In some ways, this is the world that had subsumed Iggy Pop, but he was just about pulling away from it when ‘The Passenger’ hit the studio. As guitarist Carlos Alomar said of Pop’s excursion with his renegade pal to Berlin: “David went to Berlin with Iggy for isolation. It was to humanise his condition, to say, ‘I’d like to forget my world, go to a café, have a coffee and read the newspaper.’ They couldn’t do that in America. Sometimes you just need to be by yourself with your problems.
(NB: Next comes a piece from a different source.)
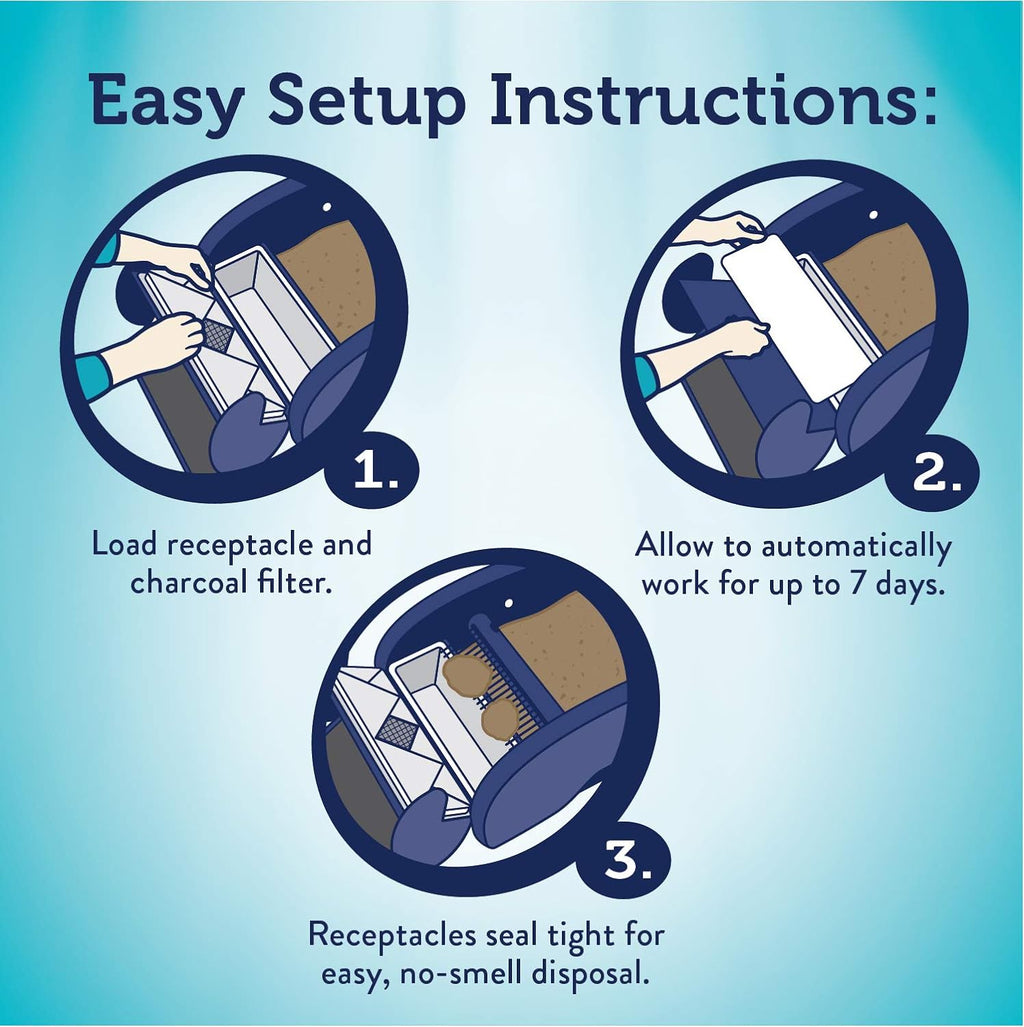 LitterMaid Single Cat Self-Cleaning Litter Box, Blue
Sometimes you just wanna shut up.” Sometimes you just need to stop the car.

That was the case for Iggy in Berlin, and in doing so he slowed down towards a sense of timelessness and found a lust for life in the process that is reflected in the anthem. Breaking through the city’s ripped backside he found a new artistic lease of life and along with his esteemed company he created one of the greatest songs ever written where “Everything looks good tonight!”